Problem> In the records that follow, the lines from the one containing "2021 Datsun Go" to the one containing "Dettaglio vestito da", inclusive, are to be given again exactly.

Data for review>
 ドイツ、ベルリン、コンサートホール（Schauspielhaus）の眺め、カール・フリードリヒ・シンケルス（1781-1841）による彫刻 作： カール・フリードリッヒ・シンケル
--
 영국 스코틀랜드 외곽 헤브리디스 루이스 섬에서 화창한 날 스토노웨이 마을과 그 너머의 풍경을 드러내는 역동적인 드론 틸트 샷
==
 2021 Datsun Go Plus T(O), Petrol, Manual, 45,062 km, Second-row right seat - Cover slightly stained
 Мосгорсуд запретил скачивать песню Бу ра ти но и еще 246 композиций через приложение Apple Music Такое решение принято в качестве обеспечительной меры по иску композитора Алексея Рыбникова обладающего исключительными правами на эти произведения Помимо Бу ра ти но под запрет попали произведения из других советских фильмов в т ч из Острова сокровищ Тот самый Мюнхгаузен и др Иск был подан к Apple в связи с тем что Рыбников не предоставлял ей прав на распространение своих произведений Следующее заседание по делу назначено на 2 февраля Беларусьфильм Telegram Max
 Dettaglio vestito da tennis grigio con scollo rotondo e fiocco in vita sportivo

Answer to this problem>
 2021 Datsun Go Plus T(O), Petrol, Manual, 45,062 km, Second-row right seat - Cover slightly stained
 Мосгорсуд запретил скачивать песню Бу ра ти но и еще 246 композиций через приложение Apple Music Такое решение принято в качестве обеспечительной меры по иску композитора Алексея Рыбникова обладающего исключительными правами на эти произведения Помимо Бу ра ти но под запрет попали произведения из других советских фильмов в т ч из Острова сокровищ Тот самый Мюнхгаузен и др Иск был подан к Apple в связи с тем что Рыбников не предоставлял ей прав на распространение своих произведений Следующее заседание по делу назначено на 2 февраля Беларусьфильм Telegram Max
 Dettaglio vestito da tennis grigio con scollo rotondo e fiocco in vita sportivo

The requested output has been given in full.